KMSPSignDigest 従来の顧客管理キー(BYOK) が署名目的で使用されると、呼び出しが行われます。 これは特に、AcquireLicence (または FECreateEndUserLicenseV1)、Certify、GetClientLicensorCert (または FECreatePublishingLicenseV1) ごとに 1 回呼び出されます。
ServerCertify RMS 対応クライアント (SharePoint など) から、サーバーを認証するための呼び出しが行われます。
SetUsageLogFeatureState 使用状況ログを有効にするための呼び出しが行われます。
SetUsageLogStorageAccount Azure Rights Management サービス ログの場所を指定するための呼び出しが行われます。
UpdateTemplate Azure portal から、既存のテンプレートを更新するための呼び出しが行われます。

使用ログとの保護と Microsoft 365 統合監査ログ

ファイル アクセスイベントと拒否イベントには現在、ファイル名は含まれていません。
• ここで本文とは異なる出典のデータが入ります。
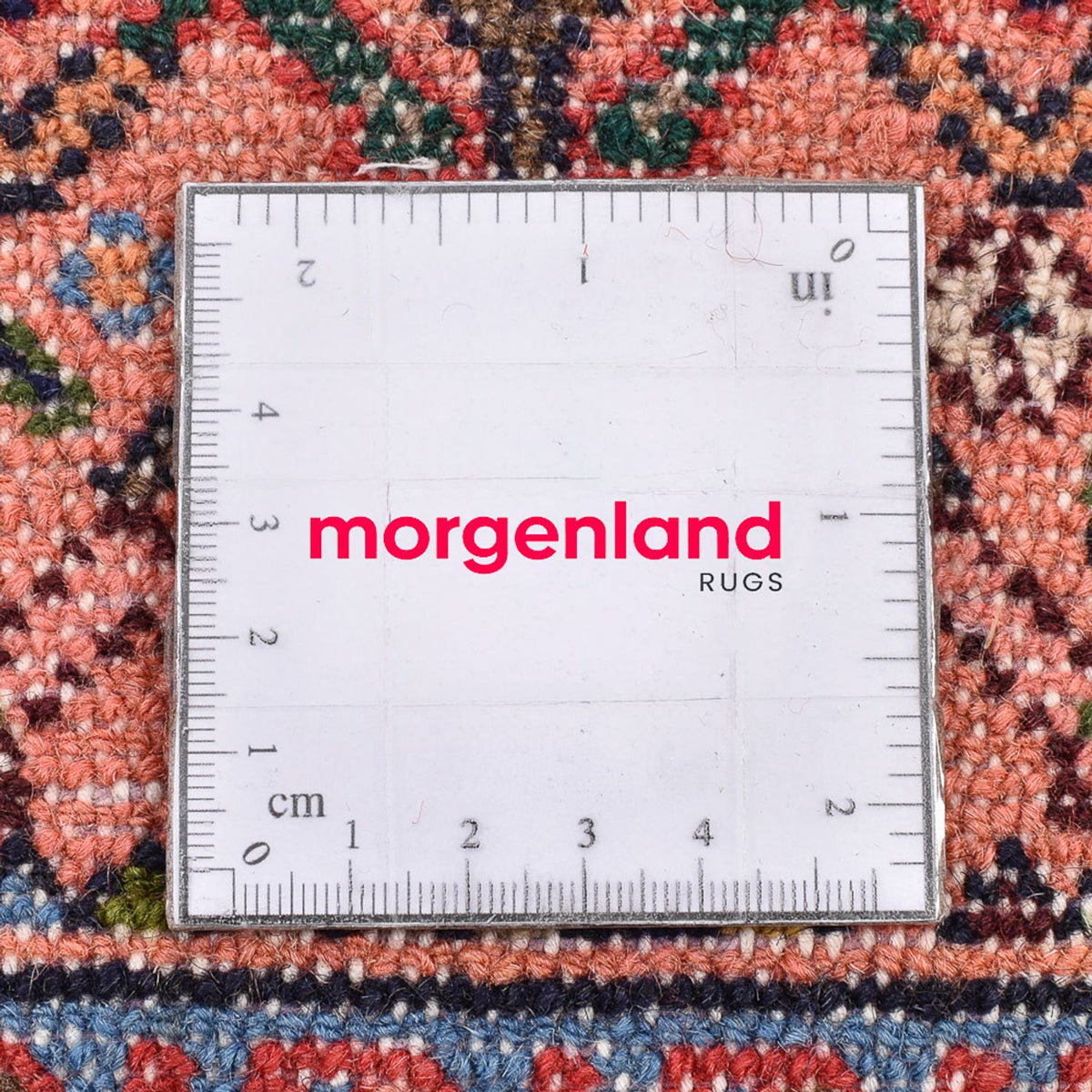 Persisk matta - Nomadic - 112 x 78 cm - ljusröd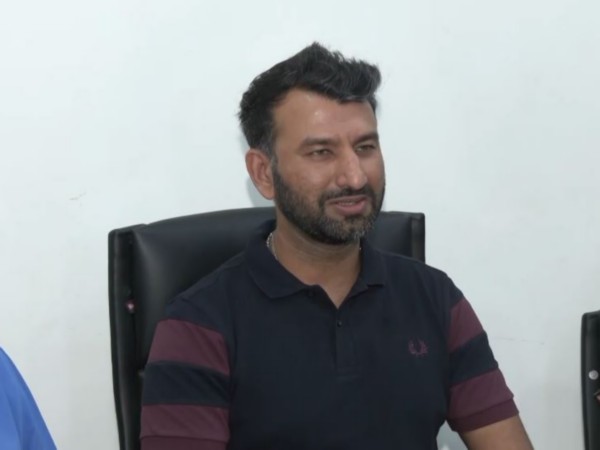 Cheteshwar Pujara (Photo: ANI)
また、Microsoft 365 統合監査ログではアクセスできません。 これらのイベントはスタンドアロン使用できるようにて補正され、後日 Rights Management サービスから追加されます。

PowerShell リファレンス

保護の使用状況ログにアクセスするために必要な PowerShell コマンドレットは、Get-AipServiceUserLog だけです。

Azure Information Protection 用に PowerShell を使用する方法の詳細については、「PowerShell を使用して Azure Information Protection による保護を管理する」を参照してください。